1 Abstract
This study demonstrates the development of a binary logistic regression model to describe patterns of survival in passengers on the Titanic, based on passenger age, sex, ticket class, and the number of family members accompanying each passenger.
2 Loading Data and introduction
# loading required libraries
library(rms)
library(tinytex)
# get dataset from web site
getHdata(titanic3)
# rows x columns
dim(titanic3)
## [1] 1309 14
Let us look at the data dictionary for Titanic3 data.
| Column | Description |
|---|---|
pclass |
passanger class: levels 1st, 2nd, and 3rd |
survived |
Survival (0 = No; 1 = Yes) |
name |
name of the passenger |
sex |
gender of the passenger: levels female and male |
age |
age of the passenger in years |
sibsp |
Number of Siblings/Spouses Aboard for a passenger |
parch |
Number of Parents/Children Aboard for a passenger |
ticket |
Ticket Number |
fare |
Passenger Fare |
cabin |
allotted cabin |
embarked |
a factor with levels Cherbourg, Queenstown, and Southampton |
boat |
Lifeboat |
body |
Body Identification Number |
home.dest |
Home/Destination |
3 Descriptive statistics
# List of names of variables to analyze
v <- c('pclass', 'survived' , 'age' , 'sex' , 'sibsp' , 'parch')
t3 <- titanic3[, v]
units(t3$age) <- 'years'
# univariate summaries
describe(t3)
## t3
##
## 6 Variables 1309 Observations
## --------------------------------------------------------------------------------
## pclass
## n missing distinct
## 1309 0 3
##
## Value 1st 2nd 3rd
## Frequency 323 277 709
## Proportion 0.247 0.212 0.542
## --------------------------------------------------------------------------------
## survived : Survived
## n missing distinct Info Sum Mean Gmd
## 1309 0 2 0.708 500 0.382 0.4725
##
## --------------------------------------------------------------------------------
## age : Age [years]
## n missing distinct Info Mean Gmd .05 .10
## 1046 263 98 0.999 29.88 16.06 5 14
## .25 .50 .75 .90 .95
## 21 28 39 50 57
##
## lowest : 0.1667 0.3333 0.4167 0.6667 0.7500
## highest: 70.5000 71.0000 74.0000 76.0000 80.0000
## --------------------------------------------------------------------------------
## sex
## n missing distinct
## 1309 0 2
##
## Value female male
## Frequency 466 843
## Proportion 0.356 0.644
## --------------------------------------------------------------------------------
## sibsp : Number of Siblings/Spouses Aboard
## n missing distinct Info Mean Gmd
## 1309 0 7 0.67 0.4989 0.777
##
## lowest : 0 1 2 3 4, highest: 2 3 4 5 8
##
## Value 0 1 2 3 4 5 8
## Frequency 891 319 42 20 22 6 9
## Proportion 0.681 0.244 0.032 0.015 0.017 0.005 0.007
## --------------------------------------------------------------------------------
## parch : Number of Parents/Children Aboard
## n missing distinct Info Mean Gmd
## 1309 0 8 0.549 0.385 0.6375
##
## lowest : 0 1 2 3 4, highest: 3 4 5 6 9
##
## Value 0 1 2 3 4 5 6 9
## Frequency 1002 170 113 8 6 6 2 2
## Proportion 0.765 0.130 0.086 0.006 0.005 0.005 0.002 0.002
## --------------------------------------------------------------------------------
Next, we obtain access to the needed variables and observations, and save data distribution characteristics for plotting and for computing predictor effects.

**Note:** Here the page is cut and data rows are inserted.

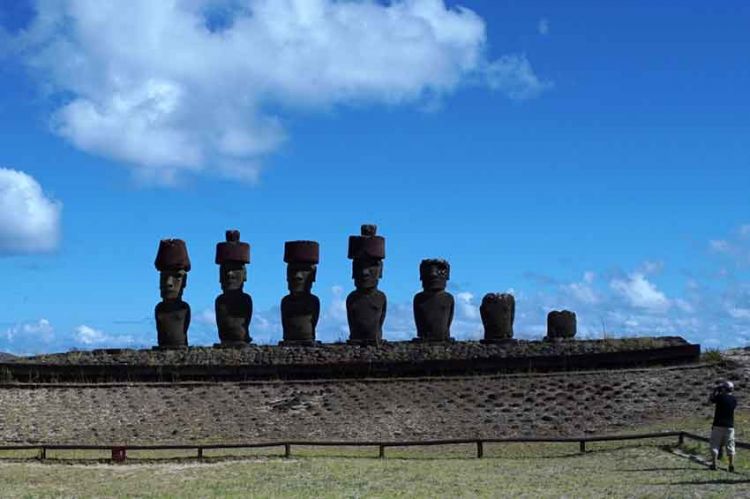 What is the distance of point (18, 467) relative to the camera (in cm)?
2188

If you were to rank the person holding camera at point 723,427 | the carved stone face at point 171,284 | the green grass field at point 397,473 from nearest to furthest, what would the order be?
the green grass field at point 397,473 < the person holding camera at point 723,427 < the carved stone face at point 171,284

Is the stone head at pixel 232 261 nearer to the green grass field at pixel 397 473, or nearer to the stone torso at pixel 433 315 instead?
the stone torso at pixel 433 315

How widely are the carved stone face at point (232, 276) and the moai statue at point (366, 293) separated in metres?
3.37

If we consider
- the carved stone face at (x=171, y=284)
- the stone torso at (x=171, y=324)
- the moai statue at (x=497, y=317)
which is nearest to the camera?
the moai statue at (x=497, y=317)

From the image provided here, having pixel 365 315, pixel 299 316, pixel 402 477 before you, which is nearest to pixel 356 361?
pixel 365 315

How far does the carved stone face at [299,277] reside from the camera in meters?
31.8

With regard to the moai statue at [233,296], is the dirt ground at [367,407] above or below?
below

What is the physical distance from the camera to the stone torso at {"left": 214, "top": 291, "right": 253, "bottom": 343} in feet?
105

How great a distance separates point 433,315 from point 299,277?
4.12 meters

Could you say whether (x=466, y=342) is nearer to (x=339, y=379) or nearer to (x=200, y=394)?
(x=339, y=379)

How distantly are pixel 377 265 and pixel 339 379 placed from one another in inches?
162

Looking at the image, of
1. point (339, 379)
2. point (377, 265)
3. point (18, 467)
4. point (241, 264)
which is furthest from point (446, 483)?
point (241, 264)

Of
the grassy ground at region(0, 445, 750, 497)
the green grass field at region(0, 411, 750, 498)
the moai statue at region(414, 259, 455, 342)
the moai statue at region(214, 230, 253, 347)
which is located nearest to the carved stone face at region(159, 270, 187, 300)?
the moai statue at region(214, 230, 253, 347)

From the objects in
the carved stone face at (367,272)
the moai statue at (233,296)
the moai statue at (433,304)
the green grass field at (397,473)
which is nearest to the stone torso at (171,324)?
the moai statue at (233,296) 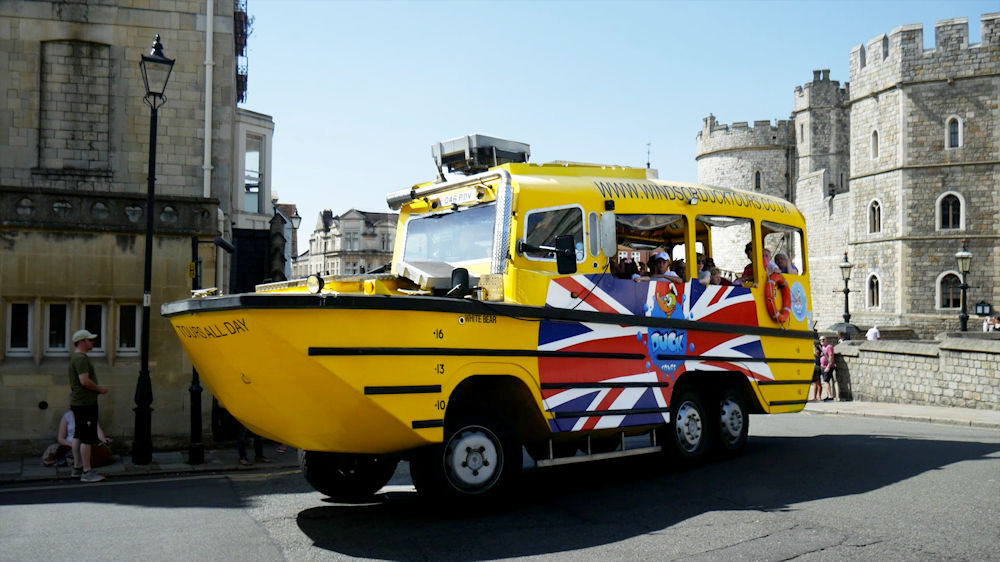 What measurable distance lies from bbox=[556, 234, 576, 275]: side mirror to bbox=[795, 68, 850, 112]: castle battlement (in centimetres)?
6255

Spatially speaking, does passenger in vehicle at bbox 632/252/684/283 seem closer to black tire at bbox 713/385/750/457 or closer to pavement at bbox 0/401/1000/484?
black tire at bbox 713/385/750/457

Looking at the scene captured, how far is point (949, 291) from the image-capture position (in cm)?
4466

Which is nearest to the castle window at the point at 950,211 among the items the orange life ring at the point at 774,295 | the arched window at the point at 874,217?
the arched window at the point at 874,217

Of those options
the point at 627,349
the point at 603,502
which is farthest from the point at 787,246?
the point at 603,502

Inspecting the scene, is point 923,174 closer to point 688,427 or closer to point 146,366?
point 688,427

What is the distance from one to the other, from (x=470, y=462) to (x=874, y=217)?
45.5 meters

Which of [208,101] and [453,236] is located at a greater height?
[208,101]

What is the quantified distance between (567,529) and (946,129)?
43762 mm

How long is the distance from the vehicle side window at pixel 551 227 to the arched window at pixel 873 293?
43.4 meters

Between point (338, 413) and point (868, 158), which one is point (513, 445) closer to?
point (338, 413)

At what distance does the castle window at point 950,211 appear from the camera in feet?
146

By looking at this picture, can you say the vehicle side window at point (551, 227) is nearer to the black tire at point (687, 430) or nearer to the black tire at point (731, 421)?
the black tire at point (687, 430)

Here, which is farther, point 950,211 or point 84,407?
point 950,211

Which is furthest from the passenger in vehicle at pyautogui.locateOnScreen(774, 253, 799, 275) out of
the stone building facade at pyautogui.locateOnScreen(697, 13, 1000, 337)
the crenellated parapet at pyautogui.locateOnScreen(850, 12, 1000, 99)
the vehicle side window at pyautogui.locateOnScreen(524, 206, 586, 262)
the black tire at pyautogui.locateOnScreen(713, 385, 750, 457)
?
the crenellated parapet at pyautogui.locateOnScreen(850, 12, 1000, 99)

There are not many passengers having more than 3 siblings or spouses or more than 3 children, so we truncate two variables at 3 for the purpose of estimating stratified survival probabilities.
# data distribution
dd <- datadist(t3)
# describe distributions of variables to rms
options(datadist = 'dd')
s <- summary(survived ~ age + sex + pclass + cut2(sibsp ,0:3) + cut2 (parch ,0:3), data = t3)
plot(s, main = '', subtitles = FALSE)
Figure 3.1: Univariable summaries of Titanic survival
OBSERVATIONS:
Note the large number of missing ages.
Also note the strong effects of sex and passenger class on the probability of surviving.
The age effect does not appear to be very strong.
The effects of the last two variables are unclear as the estimated proportions are not monotonic in the values of these descriptors.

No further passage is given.